Okay so, for the a) part we consider $\lambda=2, t=2, y=$ so we will get the Poisson distribution $\frac{(\lambda t)^y}{y}e^{-\lambda t} = \frac{(2 *2)^5}{5!}e^{-(2* 2)}$
For b) we will have to sum part a) with the new distribution of $\lambda = 2, t=4, y=5$
For part c) we will have another distribution of $\frac{{\lambda t}^0}{0!}e^{-(2*10)}$
Is this correct? Or for each part a), b) and c) we have to consider the new rate?

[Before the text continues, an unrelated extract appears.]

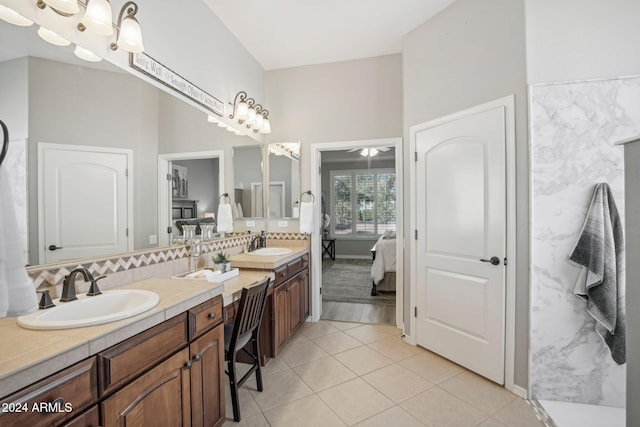 bathroom with vanity, ceiling fan, and tile patterned floors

Your calculation of (a) is correct, but you should be more precise with your notation. Let $Y_t$ be the random number of calls that arrive in the next $t$ minutes. If $Y_t$ is a Poisson process with intensity/rate $\lambda$ per minute, then $$\Pr[Y_2 = 5] = e^{-\lambda t} \frac{(\lambda t)^5}{5!} = e^{-4} \frac{4^5}{5!}.$$
Your calculation of (b) is incorrect. You cannot add the intervals together to get $t = 4$, because when you do, you will no longer account for the fact that exactly $5$ events must occur within each $2$-minute interval. Instead, you must use the respective probability $\Pr[Y_2 = 5]$ and due to the independent increments property, you simply square this value to get the desired probability. In other words, if the probability that exactly $5$ events are observed in $2$ minutes is $p$, then the probability that you observe $5$ events between times $t = 0$ and $t = 2$ and another $5$ events between $t = 2$ and $t = 4$ is simply $p^2$. It would be wrong to compute $\Pr[Y_4 = 10]$, since this probability includes events where, for example, $3$ events occur in the first half and $7$ in the second half of the $4$-minute interval.
Your calculation of part (c) is correct.